The sown crop takes advantage of the temporary lack of competition and the nutrients released by the bacteria consuming the organic matter to give a bumper crop. This production boost is only temporary. The soil basically cannibalizes itself out of increasingly less organic matter, and with the regular tillage activity before seeding and after harvesting, there is also a lot of loss of topsoil from erosion by wind and water. Quite frankly erosion still also happens while the crop is in the ground, just not as heavily as in the spring and post-harvest. 

This has been going on for many decades now. There are pictures and reports of as much as 6 feet or more of topsoil that has been lost from tillage. Many farmers are no longer farming topsoil, but actually subsoil, the B (and maybe some in the C) horizons instead of the OM and A horizons. How depressing is that? Not only that but the southwestern states, as well as other parts of the world undergoing desertification, are seeing massive dust storms the likes of what was seen during the Dirty ’30s. 

That soil that gets eroded away doesn’t come back, folks. It goes into waterways and fills up streams and rivers, choking them with fine soil particulate. This gets carried all the way out to the ocean. Tiny soil particles picked up by the wind are carried for miles upon miles, and deposited elsewhere. All, lost from its original source forever. 

Since a lot of precious topsoils and organic matter is all but gone, which is that natural “skin” that bonds plants with the microbe community so that plants can easily get nutrients without human assistance in the form of fertilizers, in order to keep growing crops on this naked, hungry, thirsty, and feverish soil, regular fertilizing from pelleted or liquid petroleum-sourced fertilizers is needed.

The Problems with Fertilizer

The man-made temporary solution to the loss in productivity from the substantive loss in organic matter is to apply fertilizers. Fertilizers are really a short-term, band-aid solution to a much larger problem that is being willfully ignored. But I’m getting ahead of myself.

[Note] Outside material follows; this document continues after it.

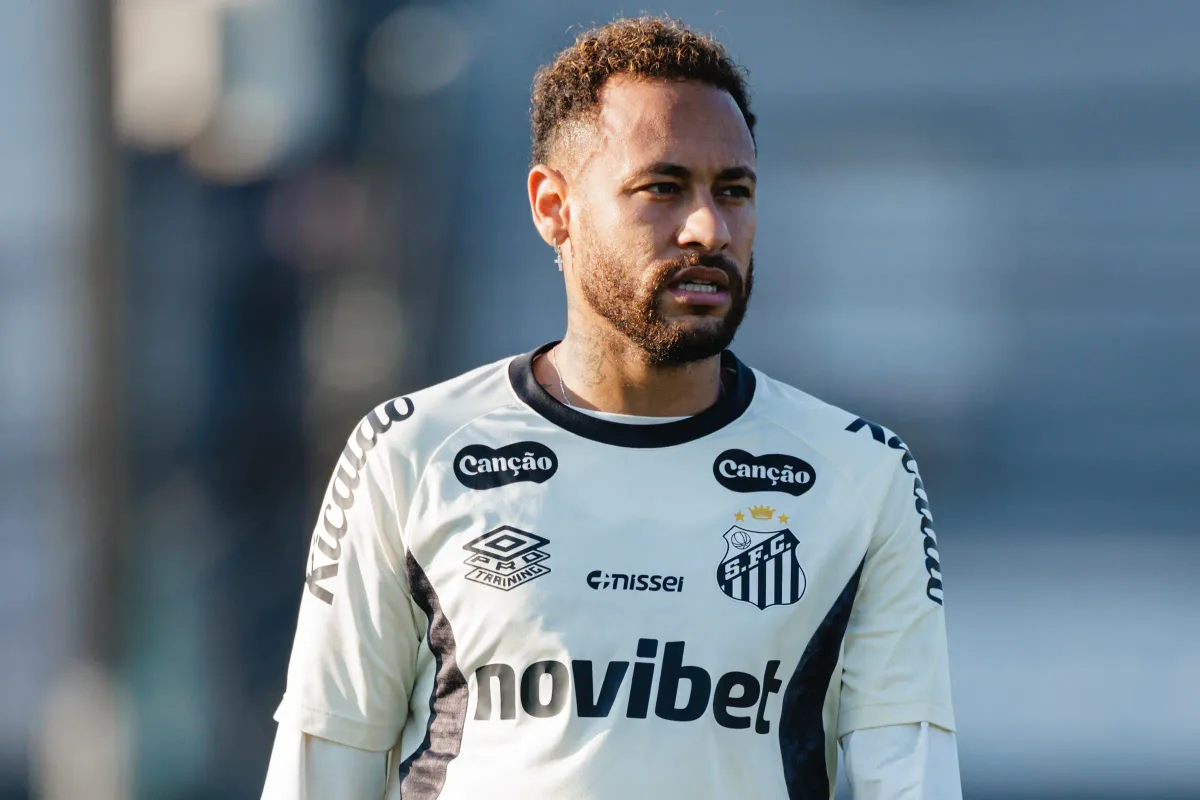 Com Neymar, Santos abre preparação para clássico contra o Corinthians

Essentially fertilizers make plants quite lazy in getting nutrients for themselves. They don’t grow as extensive and large a root network to search out nutrients, nor need the natural interconnection with arbuscular mycorrhizal fungi and soil bacteria to assist those plants with breaking down and converting “tied up” nutrients into plant-available nutrients. Instead, the plants have what they need right there, in man-made pelleted form. Wonderful right? Yeah, sure…

What it does is make plants weak–did I mention lazy–towards pests and diseases. The conventional “wisdom” laughs down this agroecological claim, even though the science is out there if you know where to find it, stating that plants are just plants and it’s more to do with what’s in the soil. That’s partly right, particularly since bare soil, thanks to tillage, isn’t protected from raindrops hitting the soil surface at a high velocity. The impact sends soil particles and microbes onto the stems and leaves, creating unsanitary conditions ripe for disease (bacterial and fungal) to proliferate. But, plants aren’t “just plants,” they are sentient, living beings that have immune systems and are capable of becoming stressed and sick just like animals.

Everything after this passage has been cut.